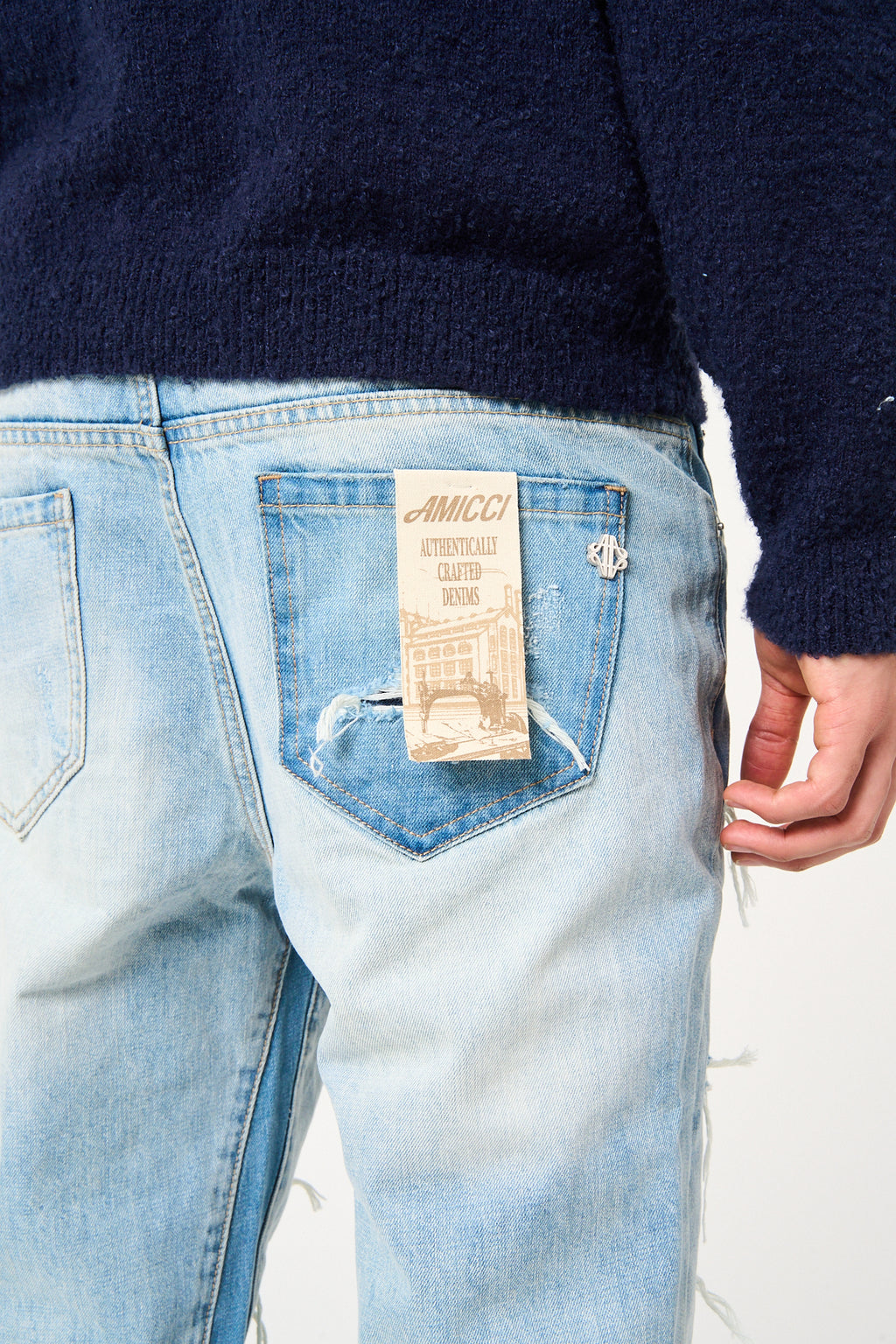 Imola Denim Bleu Clair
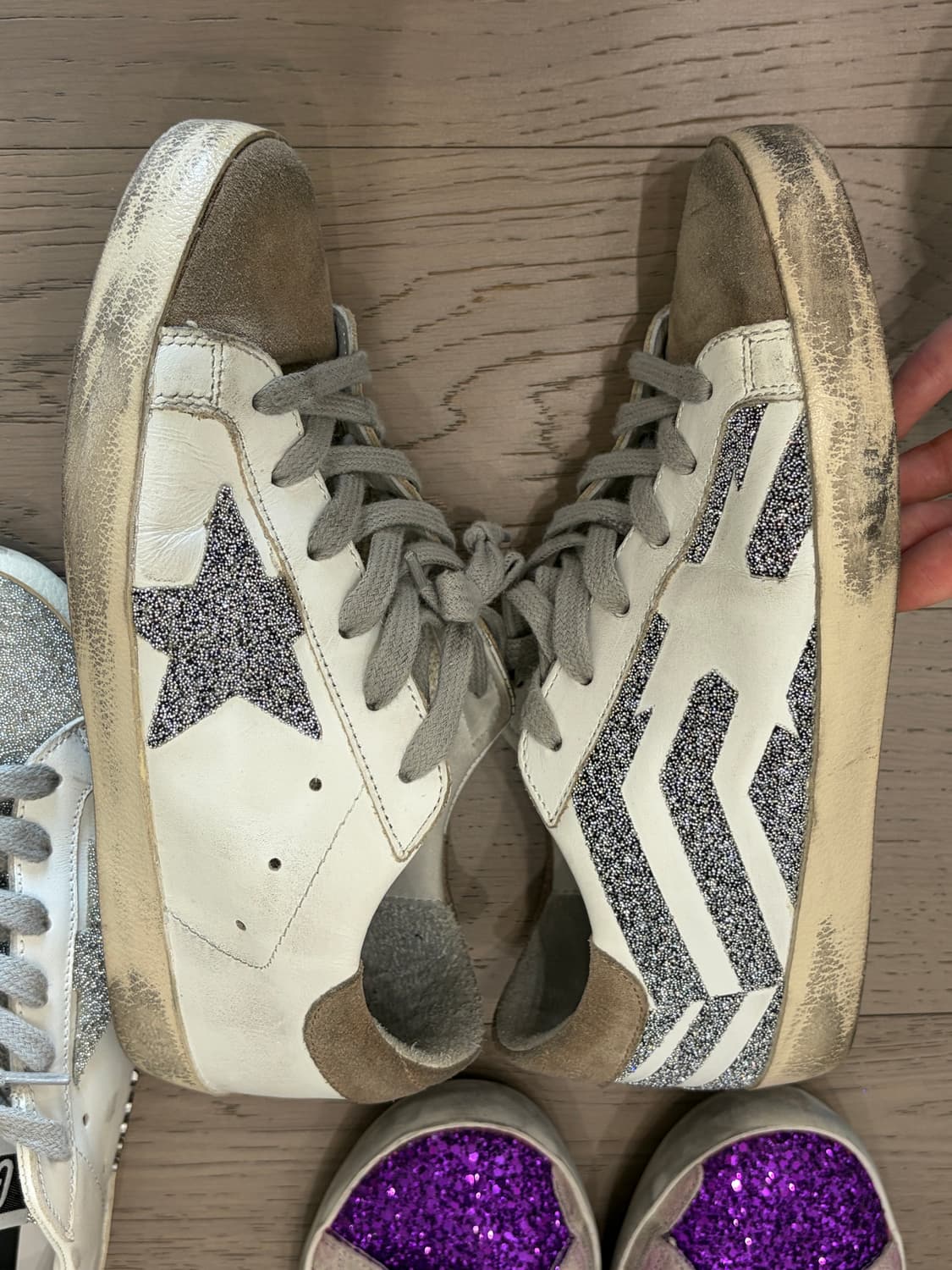 (정품100)골든구스 상태S급 36사이즈 상품이미지3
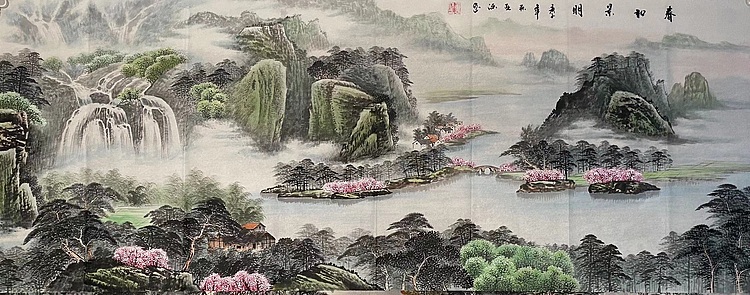 亚涵 春和景明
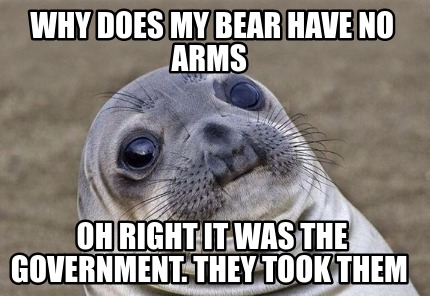why-does-my-bear-have-no-arms-oh-right-it-was-the-government.-they-took-them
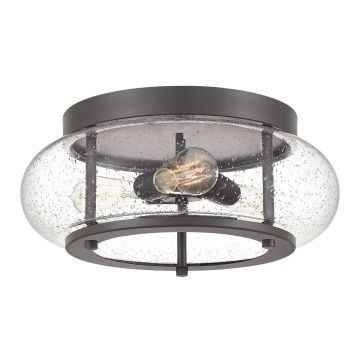 Elstead Lighting QUOIZLE QZ-TRILOGY-FM-OZ Plafondlamp 3x60W/E27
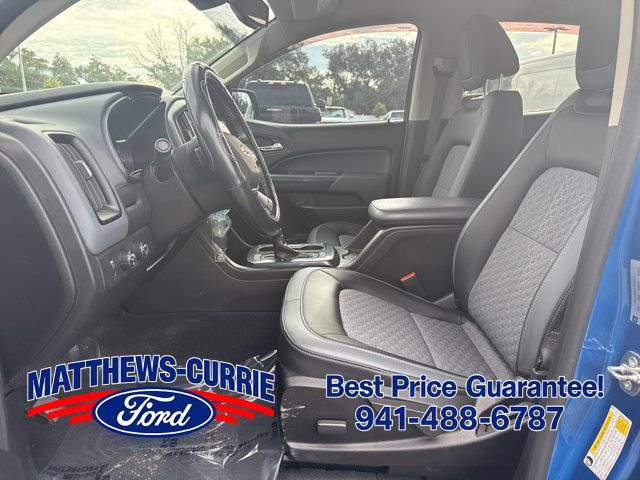 Used 2021 Chevrolet Colorado Z71 AWD/4WD image 9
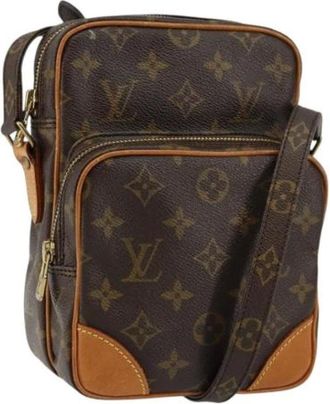 Louis Vuitton Pre-owned Cross Body Bags, female, Brown, Size: ONE SIZE Pre-owned Cross Body Bag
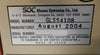 NEC GLS5410B HE-NE Gas Laser Power Unit Nikon 4S599-197 IPN 233454965 Working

###

**TRY IT**
Set down the records in full and exactly. Do not carry over any image.

**YOUR SOLUTION**
 Imola Denim Bleu Clair
 (정품100)골든구스 상태S급 36사이즈 상품이미지3
 亚涵 春和景明
why-does-my-bear-have-no-arms-oh-right-it-was-the-government.-they-took-them
 Elstead Lighting QUOIZLE QZ-TRILOGY-FM-OZ Plafondlamp 3x60W/E27
 Used 2021 Chevrolet Colorado Z71 AWD/4WD image 9
 Louis Vuitton Pre-owned Cross Body Bags, female, Brown, Size: ONE SIZE Pre-owned Cross Body Bag
 NEC GLS5410B HE-NE Gas Laser Power Unit Nikon 4S599-197 IPN 233454965 Working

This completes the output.